The Etching: Enough, Not More
One of the stronger decisions in the Elmsbury’s design is what wasn’t carved. The central drawer face carries a loose floral vine motif — scrolling outward from the centre in low relief. The cabinet door echoes it. The flanking side panels get arched relief carving, minimal and clean.
That restraint matters. Heavily carved Anglo-Indian pieces can feel like they’re performing. This one doesn’t. The etching gives the eye a place to land without demanding attention it hasn’t earned.
The Concave Shelves
The open side shelves are where the console departs from standard logic. Rather than flat rectangular niches, each side section curves inward — a concave recess framed by an arched fascia above and a full-width lower shelf below.
Functionally, this creates a display alcove that holds objects without needing them to be pushed flush against a back wall. A small sculpture, a stack of books, a low vase — each sits inside the curve and reads as deliberately placed. The geometry does the styling work for you.
The lower shelf, which runs the full width beneath the cabinet and side sections, gives the piece a grounded horizontal base. It prevents the turned legs from making the console feel too leggy or delicate.
The Cabinet
At the centre, a glass-panelled cabinet door with a crescent-cut lower profile sits beneath the single drawer. The glass panel is set into a curved wooden surround, and the interior is visible but not fully exposed. It’s practical for storing things you want accessible but not on display.
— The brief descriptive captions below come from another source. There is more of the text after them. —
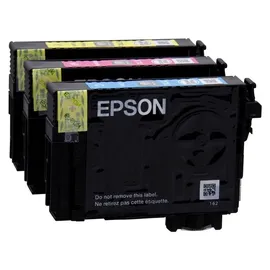 Epson 27XL CMY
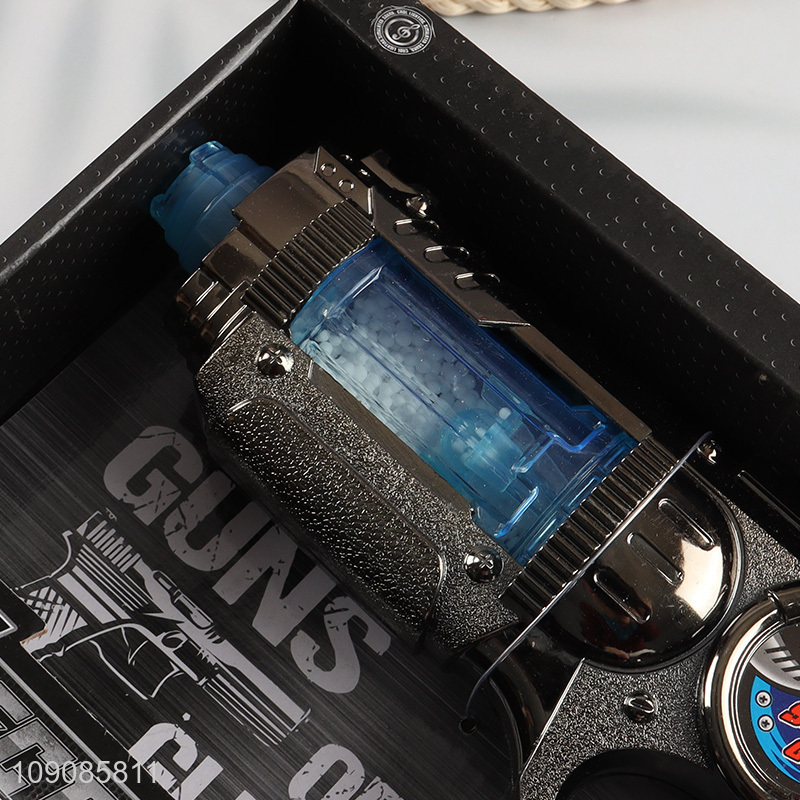 New Product Electric Toy Gun with with LED and Sound Effects for Kids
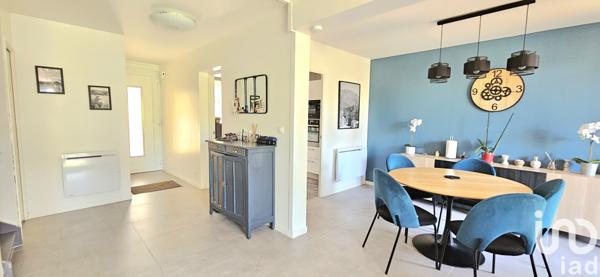 Maison à vendre 6 pièces 130 m² Bouffémont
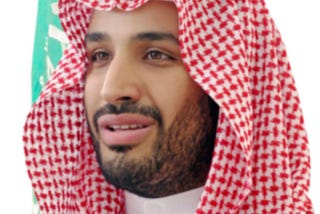 Why are human rights organizations waging war against Mohammed bin Salman.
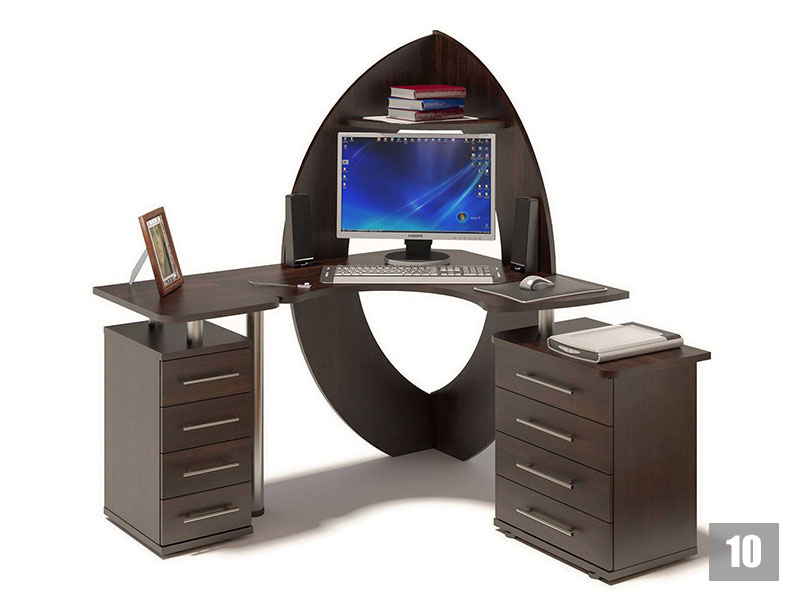 Компьютерные столы на заказ
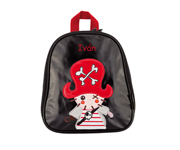Personalisable Pirate Boy Backpack
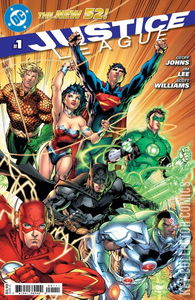 Justice League #1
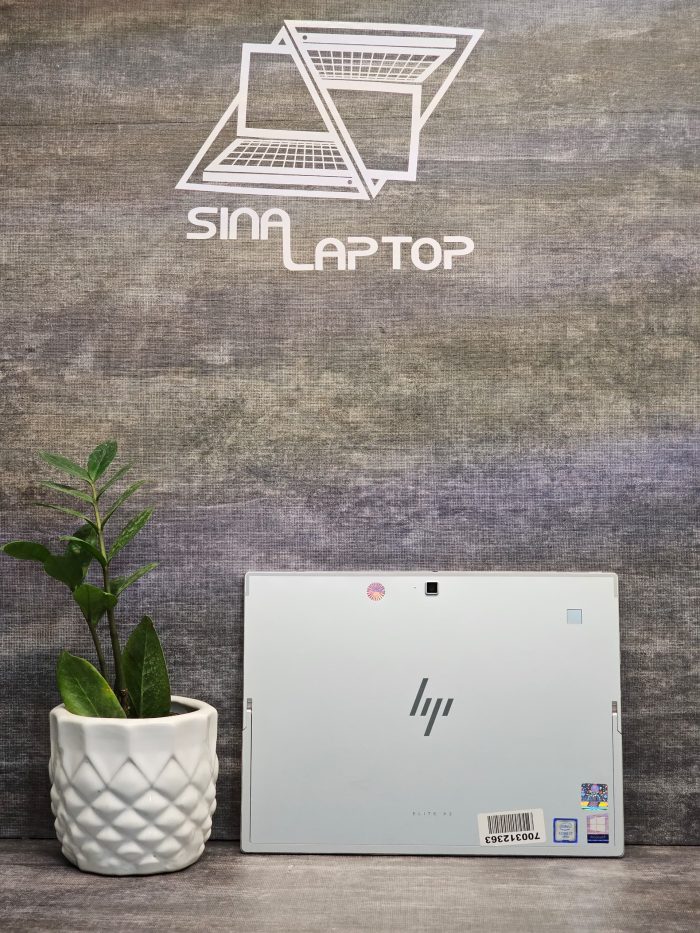 HP ELITE X2 G4 I7-8665U 8GB RAM 4K لپ تاپ تبلت شو - Image 4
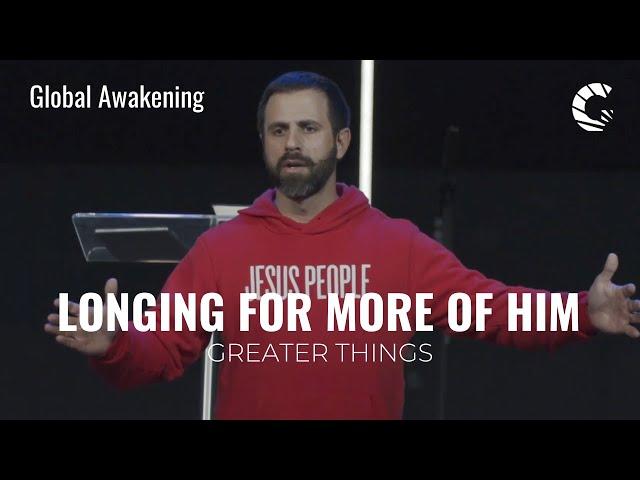 The Power of True Worship | Michael Koulianos | Greater Things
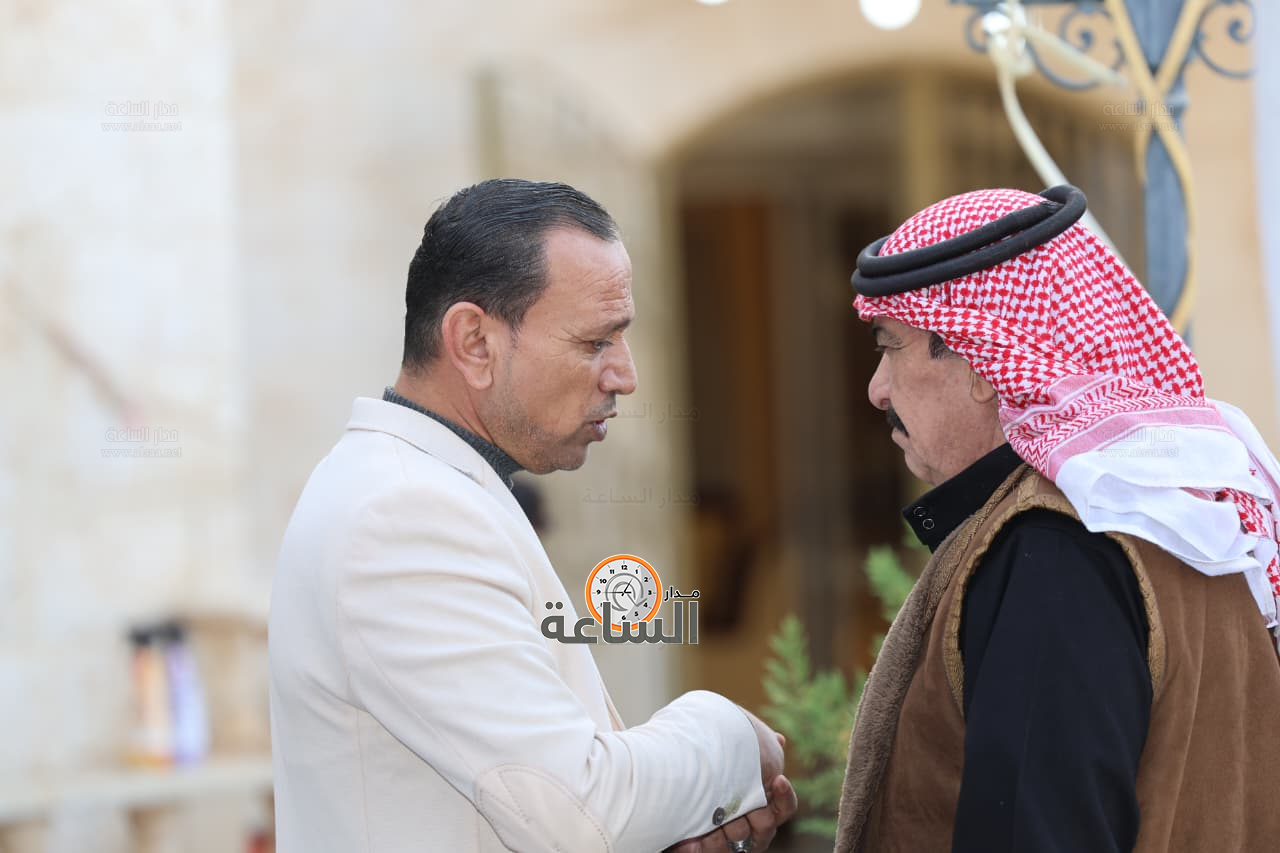 Madar Al-Saa Images 0.5023132721455675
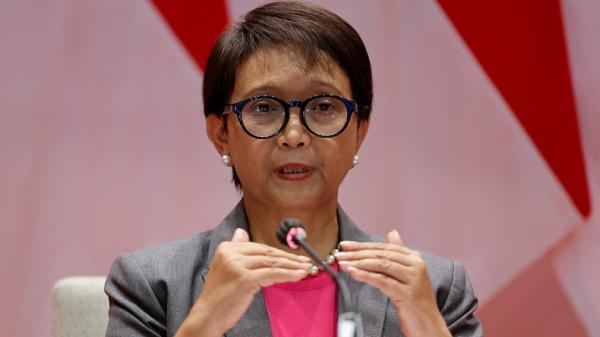 Menlu Retno di Forum Uni Eropa: Palestina Diperlakukan Tak Adil, Apa Kita Terus Diam?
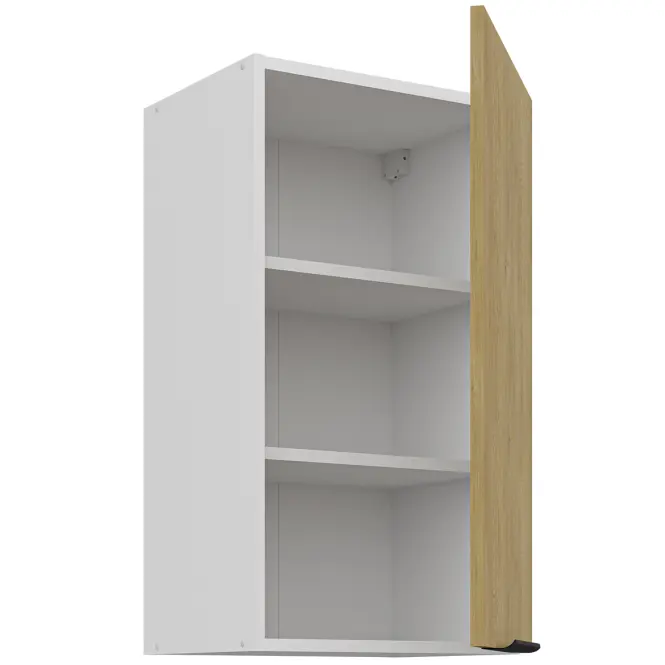 Kuchynská skrinka Cremona Wh 40g-72 1f,2
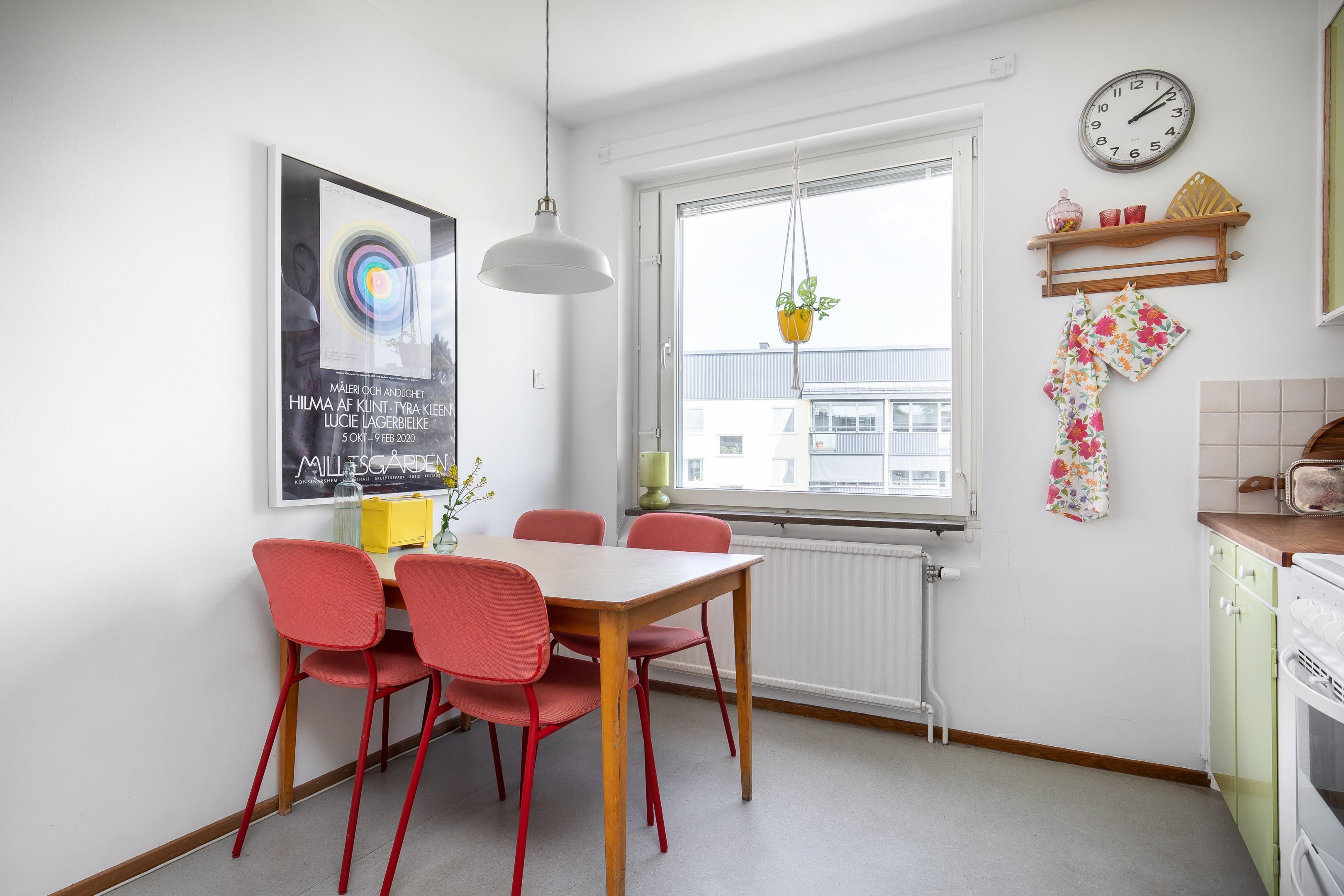 Bostadsbild från Höjdvägen 1B, 3/3tr, Såld i Eknäs, Nacka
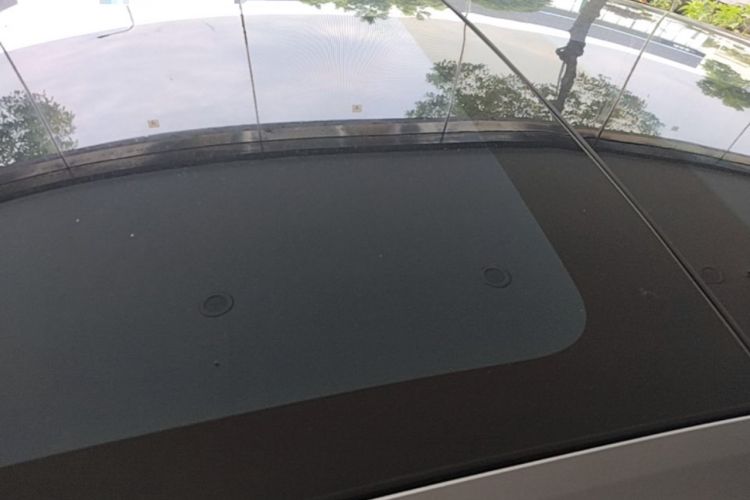 Used Hima Luxeed S7 2026 Model Max Roof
The drawer pulls are shell-form brass — small, correct, and period-appropriate.
How It Sits in a Room
The console works hardest in an entry corridor or against a dining room wall where it can hold decorative objects on top and the concave shelves can be used without the space feeling cluttered. The warm wood tone pairs naturally with terracotta, aged brass, off-white plaster walls, or darker accent pieces.